__Work instructions__: Set down every line of the data exactly, skipping the pictures.

++++ Provided data ++++

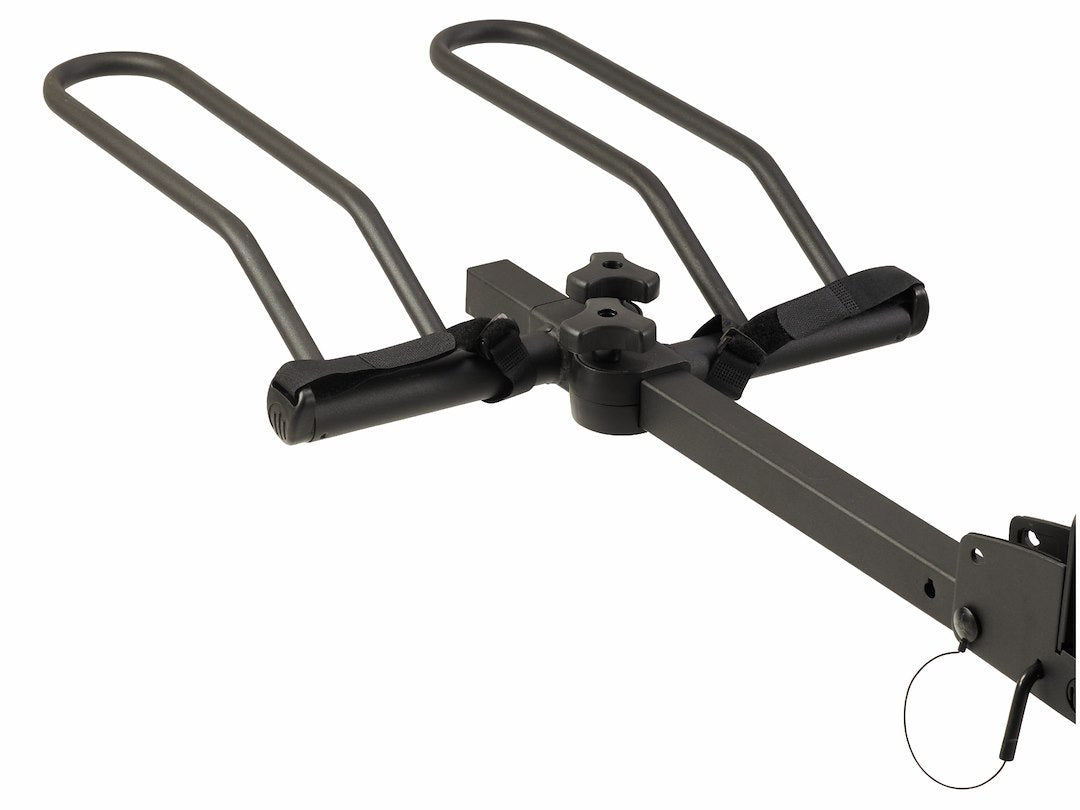 Product of Sportrack Sr2901b Bike Rack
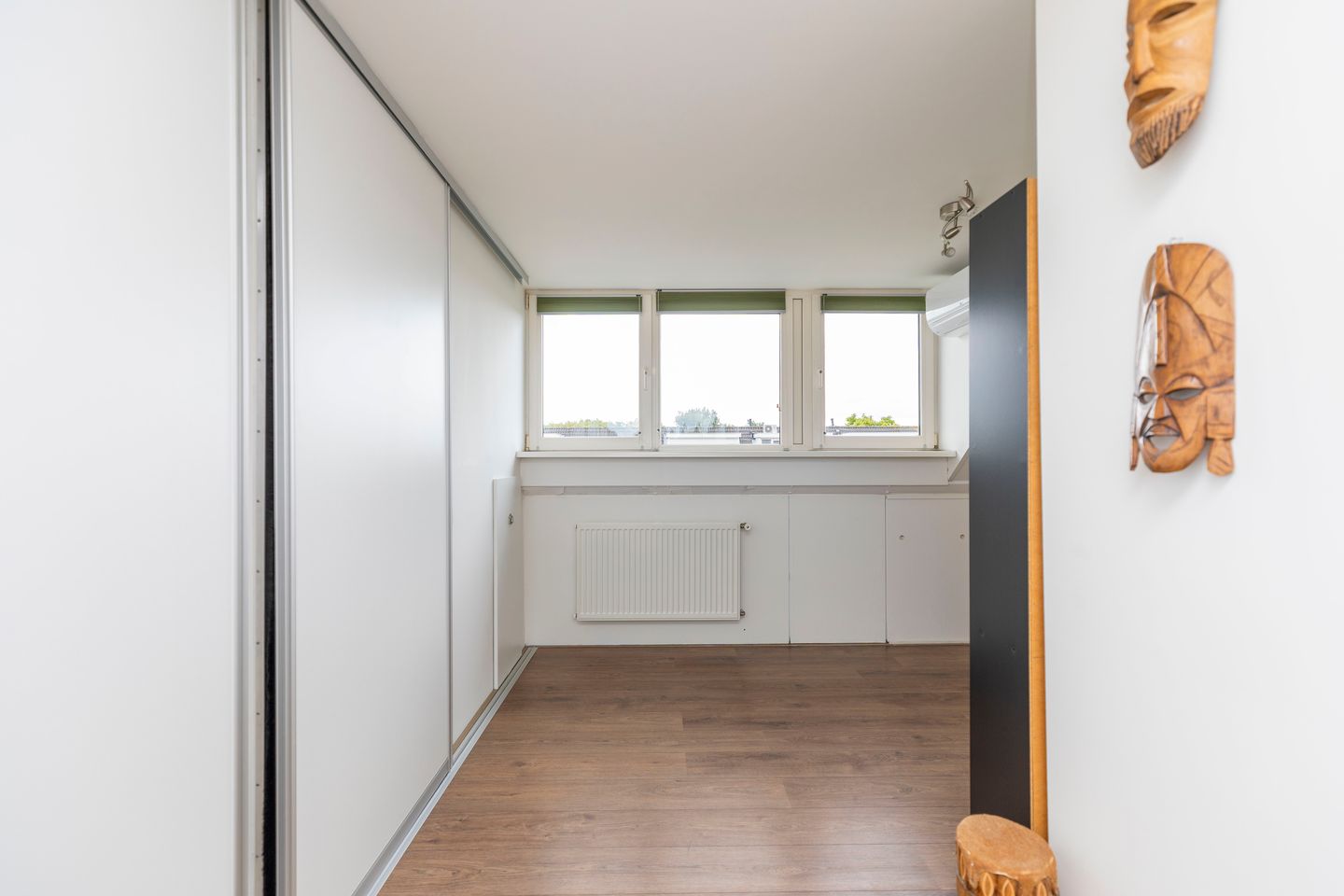 Foto 40 van Händelstraat 22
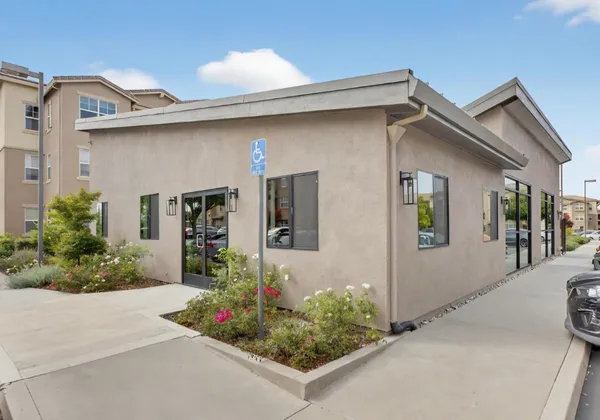 $305,109 | 1211 Whitney Ranch Parkway, Unit 1037, Rocklin, CA 95765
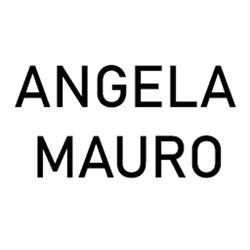 Dottoressa ANGELA MAURO - Pediatra e Pediatra Reumatologo ed Immunologo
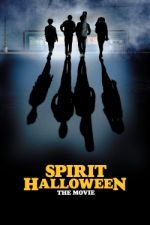 Watch Spirit Halloween Putlocker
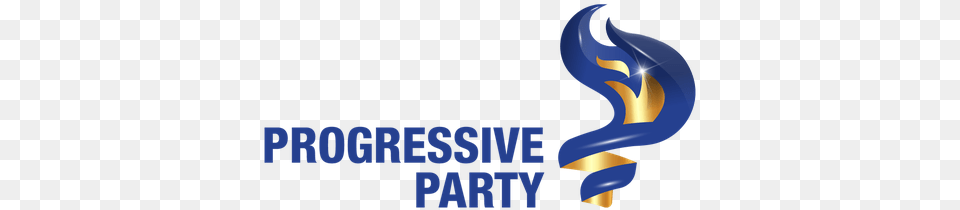 Progressive Party Logo Best Options Assistance Inc, Light, Fire, Flame Free Png Download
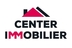 Center Immobilier Maisons-Laffitte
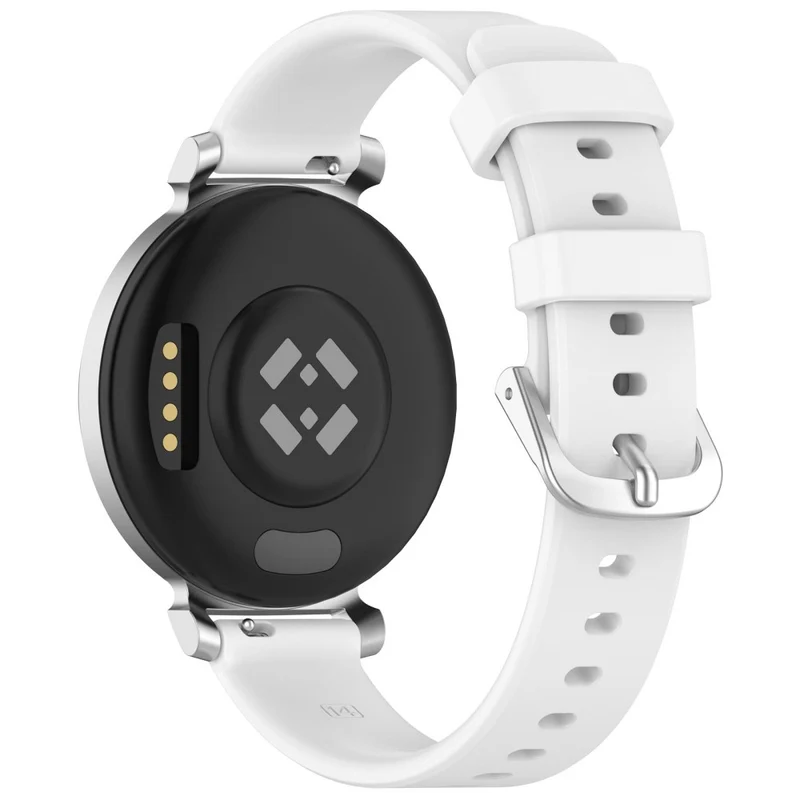 Garmin Lily 2 Silikon Armband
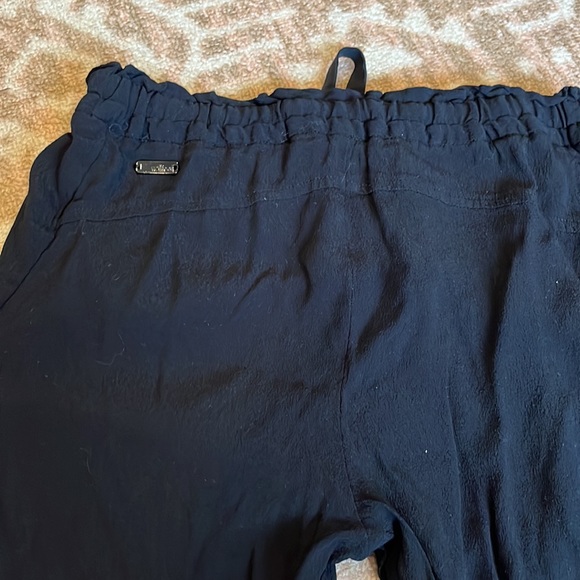 Wilfred allant pant sz xs black - Picture 9 of 9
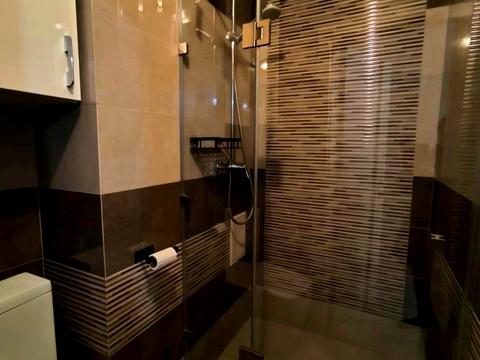 квартира за адресою Композитора Мейтуса вул., 4-А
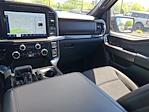 2023 Ford F-150 XLT for sale #U15954 - photo 16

++++

__Output for this task__:
 Product of Sportrack Sr2901b Bike Rack
 Foto 40 van Händelstraat 22
 $305,109 | 1211 Whitney Ranch Parkway, Unit 1037, Rocklin, CA 95765
 Dottoressa ANGELA MAURO - Pediatra e Pediatra Reumatologo ed Immunologo
 Watch Spirit Halloween Putlocker
 Progressive Party Logo Best Options Assistance Inc, Light, Fire, Flame Free Png Download
 Center Immobilier Maisons-Laffitte
 Garmin Lily 2 Silikon Armband
 Wilfred allant pant sz xs black - Picture 9 of 9
 квартира за адресою Композитора Мейтуса вул., 4-А
 2023 Ford F-150 XLT for sale #U15954 - photo 16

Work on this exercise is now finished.